Is it that you realize your views are unethical and inhumane as they're predicated on the creation and maintenance of human suffering for the benefit of others? Or just that you can't think of a counterargument and are unwilling to admit that you're maybe wrong about a thing?
There is no "natural balance". You're also ignoring (or perhaps, deliberately avoiding) that said "balance" is fundamentally
unbalanced by the existence of duress on only one side of the equation, that of the workers.
If we told people to sign a contract or their children will go without food and they'll end up homeless in the street, that would be considered an unlawful threat and that kind of duress would render such a contract null and void, legally speaking. But that duress is present in
every labor negotiation, and gets to skate by as it's only
indirectly present; the potential employer is not
personally responsible for the state of duress, they're simply
exploiting it for their own gain, at the expense of workers.

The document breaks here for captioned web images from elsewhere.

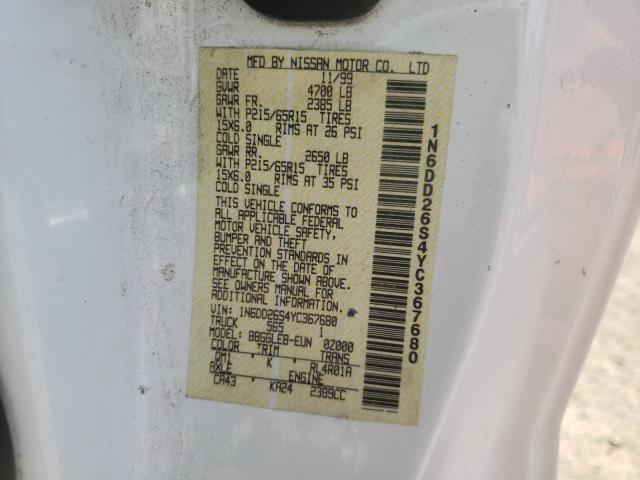 Photo 10 from auction – 2000 NISSAN FRONTIER with VIN 1N6DD26S4YC367680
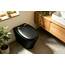 die Erdbeere Premium WC-Sitz aus MDF mit Geräuscharmer Absenkautomatik & Edler Holzoptik, Universell, Robust & Langlebig, Schwarz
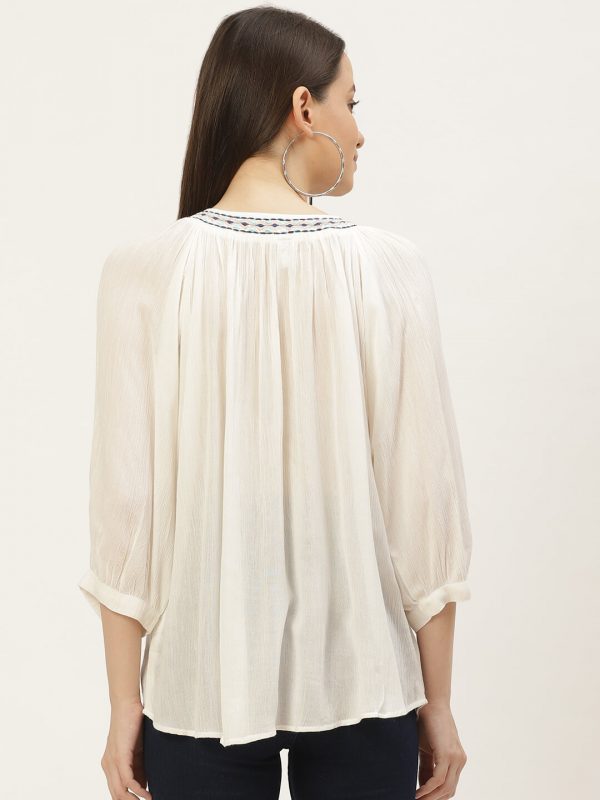 White Embroided Rayon Crepe Top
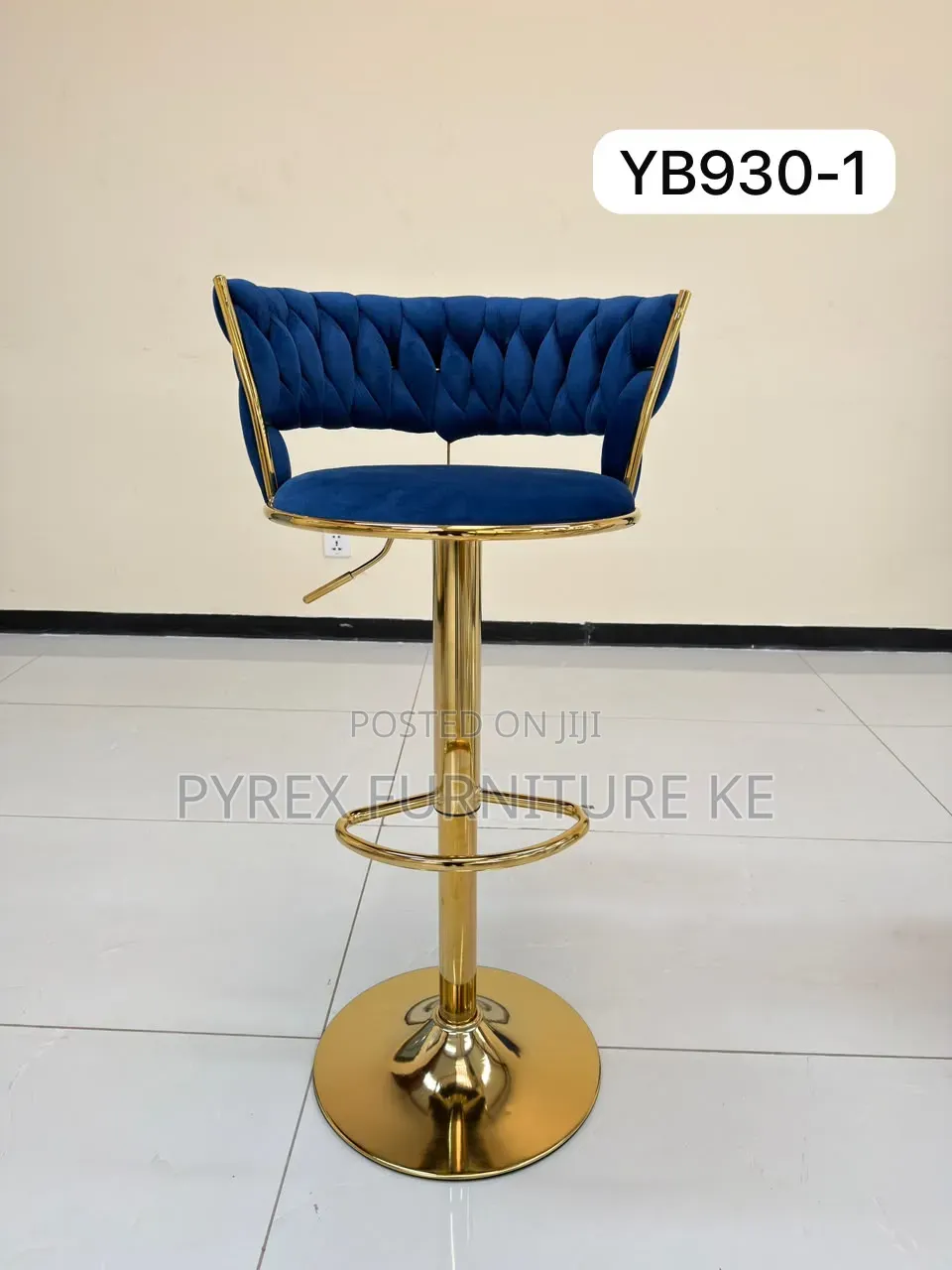 Royal Blue Velvet Woven Backrest With Gold Base - Height Adjustable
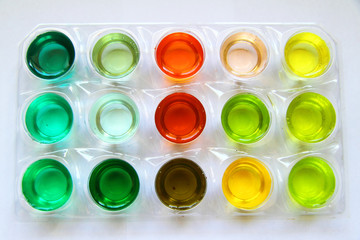 Palette with the dissolved paint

None of this is "sustainable". It only ever lasts until the workers get fed up with being bled for the rich, and then the workers do things like invent the guillotine because they're slaughtering the rich in such numbers they need a more time-effective and reliable means to use for the process. The boom-and-bust cycle of capitalist economies is similarly not "sustainable"; it's constantly veering away from boom cycles into recessions, and only barely pulling itself out, and generally only doing so through exactly the kind of interference that you're bemoaning.
We
tried a capitalist system with no fingers on the scale. The 19th and through the early 20th Century Industrial Revolution. The outcome was egregious income inequality, people working 16-18 hour days 6-7 days a week just to make so little money that their children would have to work by age 6-8 if they wanted to eat. It was an economy that flipped from boom to bust so badly it
ruined economies; the Great Depression was the final straw that forced governments to respond, but the Great Depression has that adjective "Great" for a reason; it was
not by any means the
first Depression, just the latest in a long string.
Feel free to browse the list if you doubt me;
https://en.wikipedia.org/wiki/List_o..._United_States
The idea that a free and unchecked capitalist economy would be
sustainable is an absolutely ridiculous idea that has been conclusively and repeatedly debunked by reality.